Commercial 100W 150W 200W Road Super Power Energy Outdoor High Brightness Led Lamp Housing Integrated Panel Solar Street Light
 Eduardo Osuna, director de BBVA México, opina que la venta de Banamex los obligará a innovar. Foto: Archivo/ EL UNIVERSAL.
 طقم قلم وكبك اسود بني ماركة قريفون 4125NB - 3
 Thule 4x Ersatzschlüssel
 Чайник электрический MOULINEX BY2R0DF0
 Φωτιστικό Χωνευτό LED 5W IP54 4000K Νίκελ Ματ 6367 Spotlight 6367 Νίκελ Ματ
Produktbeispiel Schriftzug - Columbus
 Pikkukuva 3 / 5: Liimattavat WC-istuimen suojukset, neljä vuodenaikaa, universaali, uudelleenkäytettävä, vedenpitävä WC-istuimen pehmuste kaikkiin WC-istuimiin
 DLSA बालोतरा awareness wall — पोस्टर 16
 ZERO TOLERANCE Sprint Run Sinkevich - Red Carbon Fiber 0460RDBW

---

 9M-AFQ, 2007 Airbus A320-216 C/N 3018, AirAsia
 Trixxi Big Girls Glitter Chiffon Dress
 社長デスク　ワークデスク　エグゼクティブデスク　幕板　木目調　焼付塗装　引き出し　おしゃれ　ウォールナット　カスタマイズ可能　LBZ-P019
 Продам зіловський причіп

...

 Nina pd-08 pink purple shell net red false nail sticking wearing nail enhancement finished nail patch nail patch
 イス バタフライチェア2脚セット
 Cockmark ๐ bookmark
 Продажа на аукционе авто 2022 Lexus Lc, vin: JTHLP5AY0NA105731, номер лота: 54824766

● Work instruction:
Please give again the lines above between the line holding "Commercial 100W 150W" and the line holding "ZERO TOLERANCE Sprint", inclusive, exactly as they are and with nothing added.

● Result of the exercise:
Commercial 100W 150W 200W Road Super Power Energy Outdoor High Brightness Led Lamp Housing Integrated Panel Solar Street Light
 Eduardo Osuna, director de BBVA México, opina que la venta de Banamex los obligará a innovar. Foto: Archivo/ EL UNIVERSAL.
 طقم قلم وكبك اسود بني ماركة قريفون 4125NB - 3
 Thule 4x Ersatzschlüssel
 Чайник электрический MOULINEX BY2R0DF0
 Φωτιστικό Χωνευτό LED 5W IP54 4000K Νίκελ Ματ 6367 Spotlight 6367 Νίκελ Ματ
Produktbeispiel Schriftzug - Columbus
 Pikkukuva 3 / 5: Liimattavat WC-istuimen suojukset, neljä vuodenaikaa, universaali, uudelleenkäytettävä, vedenpitävä WC-istuimen pehmuste kaikkiin WC-istuimiin
 DLSA बालोतरा awareness wall — पोस्टर 16
 ZERO TOLERANCE Sprint Run Sinkevich - Red Carbon Fiber 0460RDBW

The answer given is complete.